On the Internet, no one can tell if you’re a dog. But somehow they can tell if you’re over 23.
Meanwhile, at 59 I’m the youngster in a software start-up where the mean age of the other three is around 80. We’ve got the technology and the smarts to automate finding latent bugs in software, including the kinds of bugs that produce security problems that plague the software industry.

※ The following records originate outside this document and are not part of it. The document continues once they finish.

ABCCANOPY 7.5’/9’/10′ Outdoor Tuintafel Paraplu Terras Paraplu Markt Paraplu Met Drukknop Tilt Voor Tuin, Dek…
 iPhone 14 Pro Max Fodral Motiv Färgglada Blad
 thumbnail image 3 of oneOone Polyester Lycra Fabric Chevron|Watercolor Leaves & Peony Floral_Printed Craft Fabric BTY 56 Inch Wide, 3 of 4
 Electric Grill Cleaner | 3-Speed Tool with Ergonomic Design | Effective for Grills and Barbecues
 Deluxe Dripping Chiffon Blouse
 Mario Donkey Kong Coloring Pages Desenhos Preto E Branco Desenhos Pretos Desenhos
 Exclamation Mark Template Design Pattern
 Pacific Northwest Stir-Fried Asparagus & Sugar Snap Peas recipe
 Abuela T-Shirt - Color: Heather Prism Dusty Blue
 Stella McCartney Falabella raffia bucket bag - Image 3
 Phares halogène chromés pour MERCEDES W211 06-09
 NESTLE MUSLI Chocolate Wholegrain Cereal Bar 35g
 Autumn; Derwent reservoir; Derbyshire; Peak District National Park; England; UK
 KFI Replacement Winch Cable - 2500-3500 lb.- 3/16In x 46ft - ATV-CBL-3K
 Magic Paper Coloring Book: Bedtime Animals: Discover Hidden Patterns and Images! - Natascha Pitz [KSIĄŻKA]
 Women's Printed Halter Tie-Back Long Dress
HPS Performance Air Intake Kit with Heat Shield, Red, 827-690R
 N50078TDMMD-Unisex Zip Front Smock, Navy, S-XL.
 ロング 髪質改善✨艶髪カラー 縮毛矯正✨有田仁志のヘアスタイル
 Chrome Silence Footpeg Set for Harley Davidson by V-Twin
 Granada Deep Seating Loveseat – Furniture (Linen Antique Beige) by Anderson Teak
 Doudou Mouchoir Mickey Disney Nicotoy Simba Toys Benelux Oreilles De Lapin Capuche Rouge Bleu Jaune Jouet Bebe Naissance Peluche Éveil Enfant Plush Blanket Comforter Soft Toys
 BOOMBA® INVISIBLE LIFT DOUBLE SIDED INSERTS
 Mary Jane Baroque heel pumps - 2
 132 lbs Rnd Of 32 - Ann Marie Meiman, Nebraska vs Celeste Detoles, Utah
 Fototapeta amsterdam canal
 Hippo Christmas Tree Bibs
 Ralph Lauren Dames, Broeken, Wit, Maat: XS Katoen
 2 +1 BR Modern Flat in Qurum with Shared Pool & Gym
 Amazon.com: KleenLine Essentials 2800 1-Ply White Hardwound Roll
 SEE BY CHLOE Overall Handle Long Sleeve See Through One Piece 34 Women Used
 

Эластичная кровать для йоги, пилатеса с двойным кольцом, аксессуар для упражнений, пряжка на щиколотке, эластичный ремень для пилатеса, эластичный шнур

It’s nothing that would appeal to kids looking to develop the next Facebook or Angry Birds, but it has a potential market in the many billions. Let them eat HTML!


You got that right.

A lot of what passes for software development these days is pretty sketchy.

Kind of like the fast food of the computer world.

And since a lot of the current computer applications are 100% consumer entertainment driven and the coding is not very difficult , the developers tend to be very much like people in the entertainment industry- similar people for similar audience.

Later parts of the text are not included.